AF: It’s true, I read many testimonials and watched many documentaries. They are listed at the end of the book. On one hand, I list them out of respect for the truth—this is not just pure imagination; there were many people who suffered though similar horrors, in Chile, in Argentina, and other countries—and also to salute the people who investigated and told these stories, sometimes at great risk. I got the chance to talk for a long, long time with one of the three women on whom the novel is based. I promised not to tell which one. I also talked with some intelligence agents of the dictatorship’s repressive apparatus, the CNI; some of them knew and worked with these women. They were weary, slippery men who knew their destiny lay in jail. I also spoke with people who participated in MIR, an armed revolutionary organization founded in the 70’s; they lived in secrecy and they fought back during the dictatorship. The book’s structure—one long interview—arose from those experiences. But, of course, the fiction is not the double of the real, it brings something new into the world with the goal of shining light on the real.

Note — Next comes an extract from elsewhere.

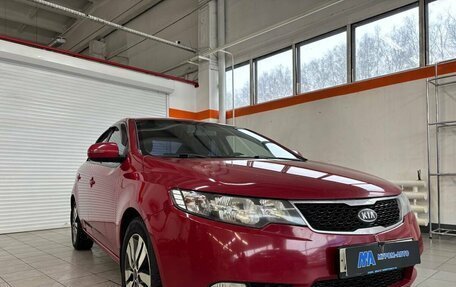 KIA Cerato III, 2013 год, 950 000 рублей, 3 фотография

Were they difficult conversations? Well, yes, at times. Luckily, many of them had read previous novels of mine. They felt free because I wasn’t a reporter. And they wanted, I suspect, to tell me their stories. For some mysterious reason, there is something healing about telling one’s story. Maybe, when you feel you have lost, it can mean a lot to have someone seek you out who wants to listen to your story. And once we were there and a certain climate of intimacy had been created, phrases emerged that were dead at birth, certain silences, certain movements of the face or hand that were marked by an insurmountable pain—those, I will never forget. Those involuntary gestures influenced the novel more than most of the stories I heard.

My challenge was to find a language that could transmit the experience of horror with the immediacy of the real. I had to find a language that would not dull sensibilities. But a language that would also not be like squeezing lemon onto a live oyster. On the contrary, I had to make the reader imagine the horror and still want to keep reading. I thought a lot about the question in Lessing’s famous book: Why do we find beauty in the sculpture “Laocoön and His Sons” when, if we were facing the scene in real life—two boa constrictors tightening around the extremities of the father and his sons—we wouldn’t be able to stand it, it would inspire only horror in us and would be devoid of any beauty? What transmutation of the real allows us to look and keep looking at the sculpture and to approach the real experience of unbearable pain? I wrote hundreds of pages searching blindly for a language, not knowing what language I was looking for. Suddenly, out came the sentences that begin the novel: “Can I tell you the truth? That’s a question for you. Are you going to believe me? It’s a question only you can answer. All I can do is talk. It’s up to you whether you believe me or not…” The next day I reread the lines and I knew immediately: there, in that tone, was the novel. Lorena was born in that tone. She is that tone.


MMcD
: Your portrayal of Lorena’s torture is so affecting because it is so subjective, or maybe suggestive. There is little linear or objective narration of what is happening, everything is told from the point of view of Lorena as she experiences it, and the effect is disorienting and disturbing. Can you talk about the process of imagining and writing those scenes?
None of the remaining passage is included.